The current "user manifest" design was chosen in order to provide a transparent download of large objects to the client and still provide the uploading client a clean API to support segmented uploads.
To meet an many use cases as possible swift supports two types of large object manifests. Dynamic and static large object manifests both support the same idea of allowing the user to upload many segments to be later downloaded as a single file.
Dynamic large objects rely on a container listing to provide the manifest. This has the advantage of allowing the user to add/removes segments from the manifest at any time. It has the disadvantage of relying on eventually consistent container listings. All three copies of the container dbs must be updated for a complete list to be guaranteed. Also, all segments must be in a single container, which can limit concurrent upload speed.
Static large objects rely on a user provided manifest file. A user can upload objects into multiple containers and then reference those objects (segments) in a self generated manifest file. Future GETs to that file will download the concatenation of the specified segments. This has the advantage of being able to immediately download the complete object once the manifest has been successfully PUT. Being able to upload segments into separate containers also improves concurrent upload speed.

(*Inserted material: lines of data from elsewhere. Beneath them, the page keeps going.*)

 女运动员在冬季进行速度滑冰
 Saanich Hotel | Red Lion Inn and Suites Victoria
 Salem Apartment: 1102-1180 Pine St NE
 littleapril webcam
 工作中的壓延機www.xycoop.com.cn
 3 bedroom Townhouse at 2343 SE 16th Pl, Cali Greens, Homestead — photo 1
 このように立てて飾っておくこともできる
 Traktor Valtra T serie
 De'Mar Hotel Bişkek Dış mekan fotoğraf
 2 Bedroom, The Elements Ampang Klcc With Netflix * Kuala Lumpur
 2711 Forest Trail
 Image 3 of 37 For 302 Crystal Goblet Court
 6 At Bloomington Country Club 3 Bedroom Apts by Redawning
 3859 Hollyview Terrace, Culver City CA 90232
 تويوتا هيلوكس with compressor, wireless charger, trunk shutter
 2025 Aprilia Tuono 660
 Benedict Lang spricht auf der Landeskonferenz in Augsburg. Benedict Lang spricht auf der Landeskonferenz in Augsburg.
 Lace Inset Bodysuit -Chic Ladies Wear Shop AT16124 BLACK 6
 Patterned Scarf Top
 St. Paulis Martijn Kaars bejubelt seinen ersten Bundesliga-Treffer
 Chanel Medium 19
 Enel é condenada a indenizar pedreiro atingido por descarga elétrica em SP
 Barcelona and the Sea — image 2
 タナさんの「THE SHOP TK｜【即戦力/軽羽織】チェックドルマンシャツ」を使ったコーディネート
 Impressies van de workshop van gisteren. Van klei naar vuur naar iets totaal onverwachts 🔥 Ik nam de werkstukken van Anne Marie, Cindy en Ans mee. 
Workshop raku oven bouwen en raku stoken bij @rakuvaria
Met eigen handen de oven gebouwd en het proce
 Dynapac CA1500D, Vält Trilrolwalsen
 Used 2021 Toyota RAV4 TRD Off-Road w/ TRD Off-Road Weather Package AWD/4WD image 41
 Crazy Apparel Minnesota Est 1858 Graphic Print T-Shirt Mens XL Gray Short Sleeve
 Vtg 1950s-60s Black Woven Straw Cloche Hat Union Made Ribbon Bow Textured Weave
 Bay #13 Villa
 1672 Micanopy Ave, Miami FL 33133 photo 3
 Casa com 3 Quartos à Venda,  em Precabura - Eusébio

It has the disadvantage that the manifest is finalized once PUT. Any changes to it means it has to be replaced.
Between these two methods the user has great flexibility in how (s)he chooses to upload and retrieve large objects to swift. Swift does not, however, stop the user from harming themselves. In both cases the segments are deletable by the user at any time. If a segment was deleted by mistake, a dynamic large object, having no way of knowing it was ever there, would happily ignore the deleted file and the user will get an incomplete file. A static large object would, when failing to retrieve the object specified in the manifest, drop the connection and the user would receive partial results.